15 maggio 2026

Termini per deposito memorie in cassazione: giorni interi e liberi


 

La Corte di Cassazione ha precisato che il termine di 15 gg. , di cui all'art. 611 c.p.p., per il deposito di memorie, si intende riferito a giorni interi e liberi sicché non si deve tener conto né del dies a quo nè di quello ad quem (pronuncia al link)  

14 maggio 2026

Interrogatorio ex art. 415 bis, chiesto dopo il termine di 20 gg. ed omesso: quali conseguenze ? Laura Platino *

 

La terza sezione penale della Suprema Corte di Cassazione, con sentenza del 27 aprile 2026 n. 15082, ponendosi nel solco di un indirizzo giurisprudenziale consolidato, ha ribadito la natura ordinatoria del termine previsto dall’art 415 bis c.p.p. per l’esercizio delle facoltà difensive ivi previste, inclusa la richiesta dell’indagato di essere sottoposto ad interrogatorio.
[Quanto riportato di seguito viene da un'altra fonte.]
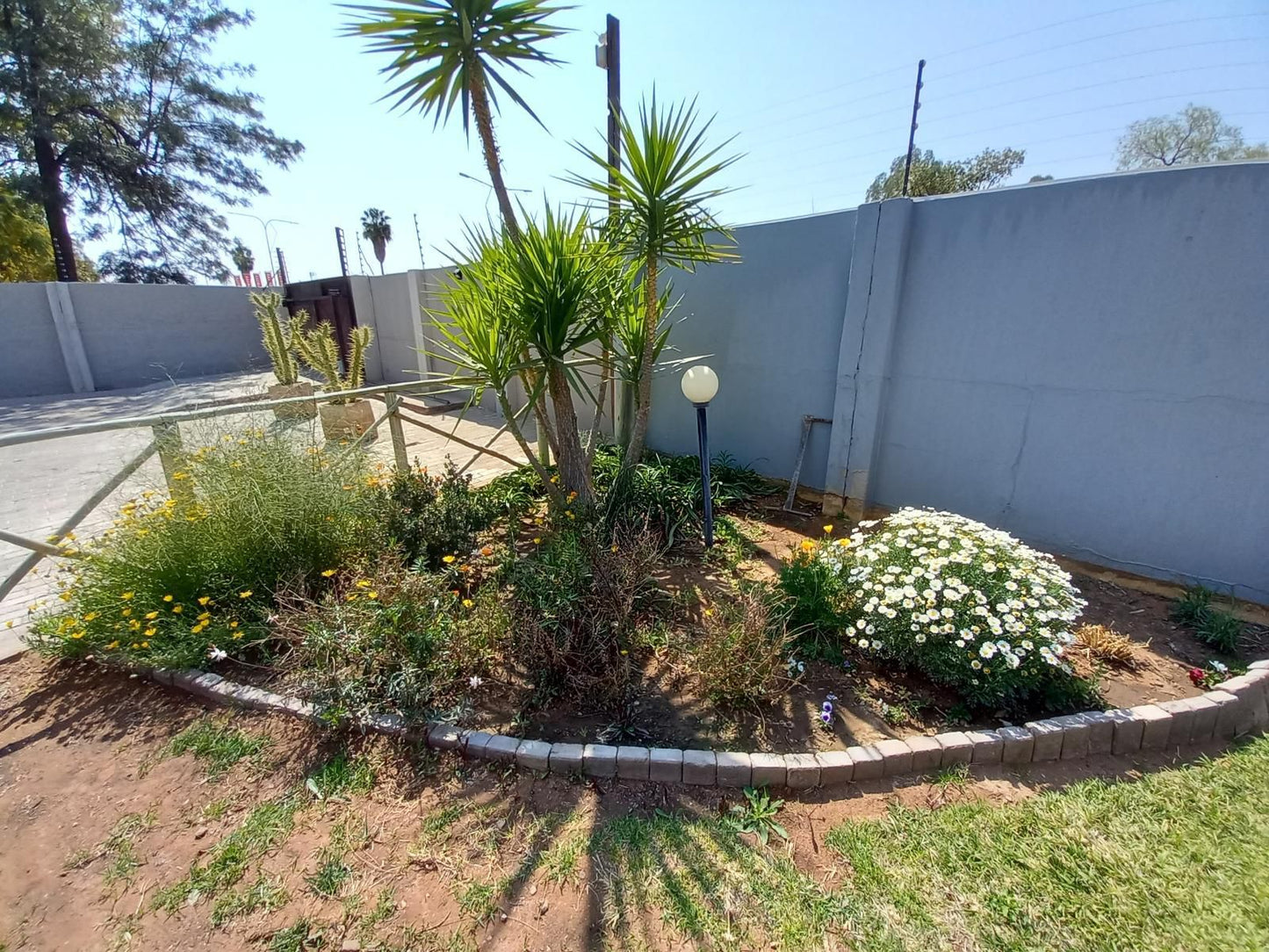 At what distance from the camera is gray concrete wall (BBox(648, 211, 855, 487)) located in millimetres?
4016

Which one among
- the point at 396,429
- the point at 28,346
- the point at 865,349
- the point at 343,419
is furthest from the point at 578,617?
the point at 28,346

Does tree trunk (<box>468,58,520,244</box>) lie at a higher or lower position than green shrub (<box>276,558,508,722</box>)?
higher

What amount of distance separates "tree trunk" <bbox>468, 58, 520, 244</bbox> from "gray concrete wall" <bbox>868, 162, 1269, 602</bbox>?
2.70 metres

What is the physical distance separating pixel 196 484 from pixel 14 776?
4.53 ft

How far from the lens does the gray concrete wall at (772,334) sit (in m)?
4.02

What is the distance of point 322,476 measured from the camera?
9.57 feet

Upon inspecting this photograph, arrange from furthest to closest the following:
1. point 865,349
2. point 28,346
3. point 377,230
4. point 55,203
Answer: point 377,230
point 55,203
point 28,346
point 865,349

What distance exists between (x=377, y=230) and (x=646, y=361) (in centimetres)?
3339

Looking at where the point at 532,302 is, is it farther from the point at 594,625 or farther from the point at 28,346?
the point at 28,346

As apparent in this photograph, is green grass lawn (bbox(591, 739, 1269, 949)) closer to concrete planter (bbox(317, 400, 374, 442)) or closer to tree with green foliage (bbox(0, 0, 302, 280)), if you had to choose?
concrete planter (bbox(317, 400, 374, 442))

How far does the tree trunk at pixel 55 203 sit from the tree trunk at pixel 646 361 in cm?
1733

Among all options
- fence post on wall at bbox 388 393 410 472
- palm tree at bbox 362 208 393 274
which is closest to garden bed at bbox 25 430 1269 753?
fence post on wall at bbox 388 393 410 472

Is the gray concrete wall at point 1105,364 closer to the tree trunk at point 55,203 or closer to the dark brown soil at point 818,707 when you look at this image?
the dark brown soil at point 818,707

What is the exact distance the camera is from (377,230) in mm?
29984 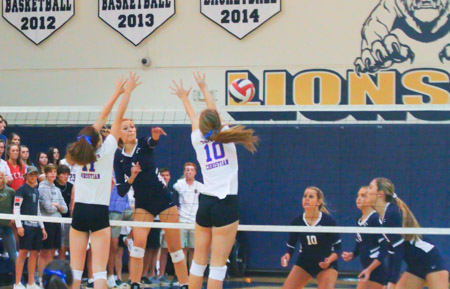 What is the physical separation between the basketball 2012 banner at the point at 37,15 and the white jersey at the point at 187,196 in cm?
482

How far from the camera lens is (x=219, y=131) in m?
7.30

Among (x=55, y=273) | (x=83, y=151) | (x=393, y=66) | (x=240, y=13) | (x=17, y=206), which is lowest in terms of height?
(x=55, y=273)

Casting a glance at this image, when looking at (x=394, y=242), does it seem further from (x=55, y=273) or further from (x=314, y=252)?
(x=55, y=273)

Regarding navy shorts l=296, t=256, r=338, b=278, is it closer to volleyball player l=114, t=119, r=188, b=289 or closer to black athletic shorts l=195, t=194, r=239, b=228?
volleyball player l=114, t=119, r=188, b=289

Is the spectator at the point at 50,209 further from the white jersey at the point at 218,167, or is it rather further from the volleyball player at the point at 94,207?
the white jersey at the point at 218,167

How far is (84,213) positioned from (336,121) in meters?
6.44

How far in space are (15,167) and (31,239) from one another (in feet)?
5.21

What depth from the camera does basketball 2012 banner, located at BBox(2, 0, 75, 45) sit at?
15422mm

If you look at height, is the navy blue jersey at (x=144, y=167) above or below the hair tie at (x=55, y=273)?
above

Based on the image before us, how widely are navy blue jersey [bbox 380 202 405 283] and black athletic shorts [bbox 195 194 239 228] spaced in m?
2.22

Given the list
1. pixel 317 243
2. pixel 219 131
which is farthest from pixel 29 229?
pixel 219 131

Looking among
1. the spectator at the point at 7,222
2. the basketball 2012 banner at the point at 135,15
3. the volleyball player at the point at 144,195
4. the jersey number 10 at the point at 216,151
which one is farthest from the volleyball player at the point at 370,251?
the basketball 2012 banner at the point at 135,15

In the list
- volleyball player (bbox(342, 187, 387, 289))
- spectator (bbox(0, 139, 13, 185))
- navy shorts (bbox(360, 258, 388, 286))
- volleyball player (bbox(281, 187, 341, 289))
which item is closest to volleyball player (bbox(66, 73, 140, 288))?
volleyball player (bbox(281, 187, 341, 289))

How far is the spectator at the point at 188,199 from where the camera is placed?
12391 millimetres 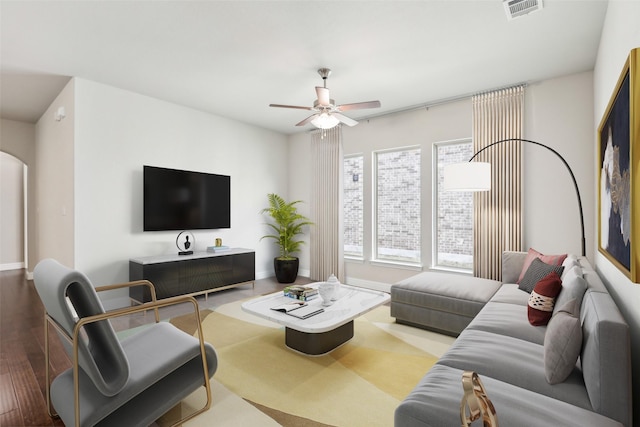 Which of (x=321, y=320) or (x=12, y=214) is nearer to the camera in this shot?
(x=321, y=320)

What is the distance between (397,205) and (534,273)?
2281mm

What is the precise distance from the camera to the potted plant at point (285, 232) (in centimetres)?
546

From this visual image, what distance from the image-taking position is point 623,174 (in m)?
Answer: 1.54

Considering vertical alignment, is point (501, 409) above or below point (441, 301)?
above

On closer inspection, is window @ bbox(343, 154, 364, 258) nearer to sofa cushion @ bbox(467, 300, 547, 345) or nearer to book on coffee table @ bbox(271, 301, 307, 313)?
book on coffee table @ bbox(271, 301, 307, 313)

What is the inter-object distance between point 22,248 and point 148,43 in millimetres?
7162

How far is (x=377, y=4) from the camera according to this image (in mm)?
2377

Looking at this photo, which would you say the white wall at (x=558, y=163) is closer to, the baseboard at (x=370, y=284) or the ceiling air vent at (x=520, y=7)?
the ceiling air vent at (x=520, y=7)

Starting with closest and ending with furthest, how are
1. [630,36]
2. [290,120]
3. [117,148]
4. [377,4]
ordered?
[630,36] → [377,4] → [117,148] → [290,120]

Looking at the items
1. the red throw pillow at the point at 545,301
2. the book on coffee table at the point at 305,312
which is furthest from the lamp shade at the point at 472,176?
the book on coffee table at the point at 305,312

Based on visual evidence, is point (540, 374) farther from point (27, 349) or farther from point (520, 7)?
point (27, 349)

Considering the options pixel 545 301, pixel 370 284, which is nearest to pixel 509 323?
pixel 545 301

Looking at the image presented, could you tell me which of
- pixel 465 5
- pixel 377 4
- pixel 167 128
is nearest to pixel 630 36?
pixel 465 5

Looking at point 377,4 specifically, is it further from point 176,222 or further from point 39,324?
point 39,324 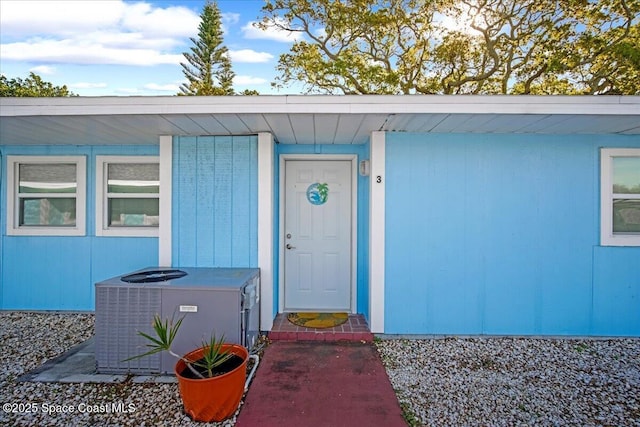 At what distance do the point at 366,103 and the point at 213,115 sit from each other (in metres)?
1.36

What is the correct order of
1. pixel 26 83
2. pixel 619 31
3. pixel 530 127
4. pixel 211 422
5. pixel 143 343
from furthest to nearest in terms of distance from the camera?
pixel 26 83 < pixel 619 31 < pixel 530 127 < pixel 143 343 < pixel 211 422

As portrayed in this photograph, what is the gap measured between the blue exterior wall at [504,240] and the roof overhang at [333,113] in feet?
0.93

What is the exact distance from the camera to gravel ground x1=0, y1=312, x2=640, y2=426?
7.35 feet

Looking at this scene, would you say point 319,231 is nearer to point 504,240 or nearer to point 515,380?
point 504,240

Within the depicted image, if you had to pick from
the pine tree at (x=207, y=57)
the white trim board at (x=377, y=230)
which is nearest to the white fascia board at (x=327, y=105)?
the white trim board at (x=377, y=230)

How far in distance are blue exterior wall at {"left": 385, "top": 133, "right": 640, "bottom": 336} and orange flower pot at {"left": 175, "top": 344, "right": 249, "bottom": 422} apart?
1895 millimetres

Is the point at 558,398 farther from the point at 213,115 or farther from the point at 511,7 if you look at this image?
the point at 511,7

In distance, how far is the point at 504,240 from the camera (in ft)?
11.7

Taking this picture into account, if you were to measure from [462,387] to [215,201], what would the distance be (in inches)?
115

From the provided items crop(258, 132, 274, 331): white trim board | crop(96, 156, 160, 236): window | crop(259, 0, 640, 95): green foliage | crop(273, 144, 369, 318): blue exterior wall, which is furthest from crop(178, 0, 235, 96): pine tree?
crop(258, 132, 274, 331): white trim board

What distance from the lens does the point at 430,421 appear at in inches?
86.4

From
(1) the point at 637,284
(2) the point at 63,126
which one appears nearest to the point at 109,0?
(2) the point at 63,126

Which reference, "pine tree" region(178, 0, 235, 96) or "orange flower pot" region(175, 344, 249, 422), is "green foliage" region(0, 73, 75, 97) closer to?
"pine tree" region(178, 0, 235, 96)

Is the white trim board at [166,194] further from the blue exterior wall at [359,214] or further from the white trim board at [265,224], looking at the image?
the blue exterior wall at [359,214]
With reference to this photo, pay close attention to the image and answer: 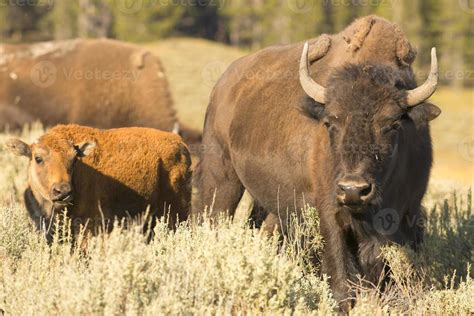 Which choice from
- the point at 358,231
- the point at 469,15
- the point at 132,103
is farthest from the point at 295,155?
the point at 469,15

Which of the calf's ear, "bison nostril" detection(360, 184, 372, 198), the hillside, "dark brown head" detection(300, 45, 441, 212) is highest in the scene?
"dark brown head" detection(300, 45, 441, 212)

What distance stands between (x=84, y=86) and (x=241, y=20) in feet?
193

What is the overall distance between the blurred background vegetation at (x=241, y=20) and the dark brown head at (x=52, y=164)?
44.1 m

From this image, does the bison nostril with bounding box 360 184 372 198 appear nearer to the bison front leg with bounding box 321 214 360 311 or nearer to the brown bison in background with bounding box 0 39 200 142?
the bison front leg with bounding box 321 214 360 311

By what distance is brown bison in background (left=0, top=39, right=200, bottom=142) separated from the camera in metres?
16.3

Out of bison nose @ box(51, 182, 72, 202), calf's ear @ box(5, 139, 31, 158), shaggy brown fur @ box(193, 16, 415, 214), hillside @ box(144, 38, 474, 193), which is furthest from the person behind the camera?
hillside @ box(144, 38, 474, 193)

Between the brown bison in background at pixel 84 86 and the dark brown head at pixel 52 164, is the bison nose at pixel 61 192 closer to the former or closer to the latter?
the dark brown head at pixel 52 164

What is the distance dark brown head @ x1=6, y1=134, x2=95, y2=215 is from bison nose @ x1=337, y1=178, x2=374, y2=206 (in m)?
→ 2.78

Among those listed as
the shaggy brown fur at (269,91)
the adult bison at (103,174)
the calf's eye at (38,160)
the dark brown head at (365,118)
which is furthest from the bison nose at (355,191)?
the calf's eye at (38,160)

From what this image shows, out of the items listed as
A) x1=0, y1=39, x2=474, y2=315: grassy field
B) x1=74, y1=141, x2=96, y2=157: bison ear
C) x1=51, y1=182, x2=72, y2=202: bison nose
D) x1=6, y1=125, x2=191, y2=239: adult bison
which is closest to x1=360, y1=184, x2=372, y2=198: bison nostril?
x1=0, y1=39, x2=474, y2=315: grassy field

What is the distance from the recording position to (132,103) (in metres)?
16.3

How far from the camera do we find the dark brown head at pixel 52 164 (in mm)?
7711

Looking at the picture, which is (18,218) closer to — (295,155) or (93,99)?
(295,155)

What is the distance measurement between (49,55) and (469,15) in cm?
5795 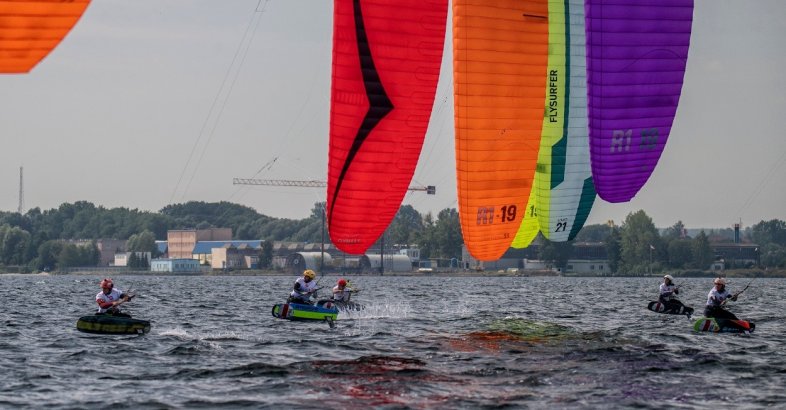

La mancata effettuazione dell’interrogatorio chiesto oltre i venti giorni dalla notifica dell’avviso di conclusione delle indagini preliminari ma prima dell’esercizio dell’azione penale, integra una nullità a regime intermedio per lesione del diritto di difesa, che deve essere eccepita nel corso dell’udienza preliminare o, ove questa manchi, entro il termine di cui all’art. 491 c.p.p.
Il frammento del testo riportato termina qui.